If the artist becomes too enamored with the tool rather than the objective or the intention of his creation, there is a risk of losing oneself to the glitz of technology for the sake of technology. The artist stops searching for originality and repeats what everybody else is doing because he is fooled into thinking that it is art. And there are other challenges.
The artist must be a master of this new electronic tool, which has a steep learning curve, but yet remain true to his vision and uniqueness - a true challenge but doable with training but at the cost of time and effort.
Luckily new software available now is remarkable and allows the artist much freedom and creativity. The big change occurred when 3D software, once the domain of engineers and tech gurus, was written for artists. Not only the designing tools but having the artist in mind.

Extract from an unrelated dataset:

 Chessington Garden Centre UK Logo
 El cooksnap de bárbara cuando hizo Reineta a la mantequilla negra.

One such software is ZBrush, which uses a technology called Pixol. If you have seen James Cameron's movie Avatar, you know what that is. The hyper-realistic and fantastic world that was created does not initially remind us of computers but something else.
ZBrush can create organic shapes using an equation derived from the mathematics of nature. Bezier curves and fractals. Bezier curves have been somewhat used in traditional 3D software, but ZBrush took this to a new level. They applied bezier curves in an organic and tridimensional way and in real-time. Allowing anyone to paint with brushes that simulate how nature constructs its forms. This was an astonishing discovery, and it changed the game.
Anything you draw in Zbrush looks real, but because it is. You see, traditional technology in 3D design tends to be stiff because they are mathematically perfect and exact. But no such thing exists in the real world. If you look at anything in our world very closely, you'll see that they are not perfect, and these imperfections are what make them real. And every form in the universe has its origins in a fractal environment.
I still think making jewelry using computers can be a stimulating experience as long as it is only one of the tools employed. After I create something with software, there is plenty of filling, polishing, and soldering. I use a variety of tools and different software. Sometimes for simple primitive shapes, I use Rhino 3D, which is easy to use yet very powerful and complex.
Some people will be led to believe that creating jewelry with computers somehow makes it easy. Nothing could be farther from the truth. One must be reminded that it should be only a tool in the creation process.
Creating jewelry by hand using the old traditional ways will have unique results. Computers will take us in a different direction that can be creative and unique, but it leads to different challenges. The objective is to create inspirational art, and the challenge is to keep the artist focused on their creation and not the process.